Arok (Vino G. Bastian), Yoji (Andhika Pratama), Mojo (Yogi Finanda), dan Almira (Aulia Sarah), bukan mau mengadu nasib di Ibukota. Tapi, mereka cuma menemani Arok yang penasaran mau menyatakan cinta pada cewek pujaannya, Maia, yang 5 hari lagi mau dipersunting cowok lain.

Karena uang di tangan cuma 27 ribu perak, pasti kebayang bagaimana liarnya perjalanan mereka melewati Bromo, Blitar, Semarang, dan Cirebon. Nggak cuma modal nekad, tapi semangat persahabatan bisa mengantarkan mereka sampai ke Jakarta.

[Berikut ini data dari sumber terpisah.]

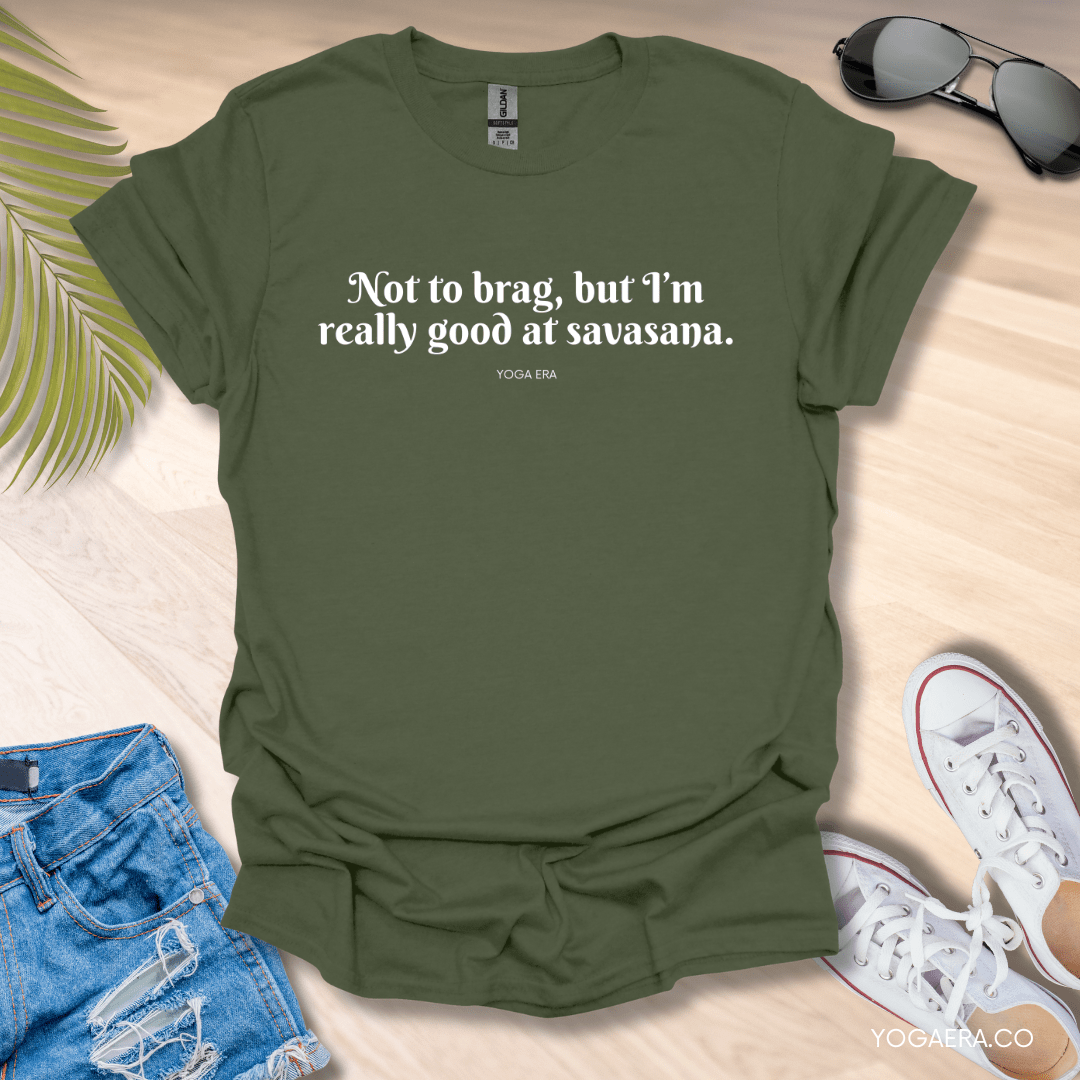 Not to Brag, But I'm Really Good at Savasana Tee Military Green / S T-Shirt Yoga Era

Cerita film garapan Ody C. Harahap alias Ocay ini emang ringan banget. Apalagi, dibalut dengan sentuhan komedi yang natural. Ide ceritanya dari kisah nyata seorang anak punk asli Malang bernama Yogi.


“Kisahnya menarik banget! Apalagi, belum ada film yang mengangkat tentang anak-anak punk. Saya tertarik dengan cerita-cerita mereka, cara mereka memandang hidup, dan mereka punya cara sendiri untuk menyelesaikan masalah,” ujar Ocay, saat ditemui di Cosi CafĂ©, Plaza Fx Jakarta, Senin (6/7) sore.


Nggak cuma dari Yogi, tapi Ocay menggali lebih dalam tentang punk dari beberapa komunitas punk. Karena semua tokoh utamnya orang Jawa, sang sutradara nggak mau asal pilih pemain. Ocay pengen pemainnya terlihat senatural mungkin.

“Yang saya request pertama kali itu Vino. Karena karakternya orang Jawa, dan nggak semua aktor bisa memainkannya. Saya pengen pemain yang udah jadi. Saya langsung pilih Vino, meskipun belum tau karakter apa yang cocok,” kata Ocay.

Hasilnya? Vino emang pas banget memerankan Arok. Meskipun harus berdialog dengan bahasa Jawa, akting Vino tetap OK. Banyolan Vino cs. juga terasa ngalir dan nggak maksa. Diantara empat pemeran utama, akting Yogi Finanda yang paling natural dan lucunya dapet banget.

Whatzups sempat meragukan keempat pemain, yang notabene aktor drama, bisa main film komedi. Tapi ternyata, mereka emang kocak abis! Seperti pesan yang disampaikan sutradara lewat film ini, jangan pernah menilai orang dari luarnya aja. Nggak semua anak punk seperti yang kita lihat selama ini.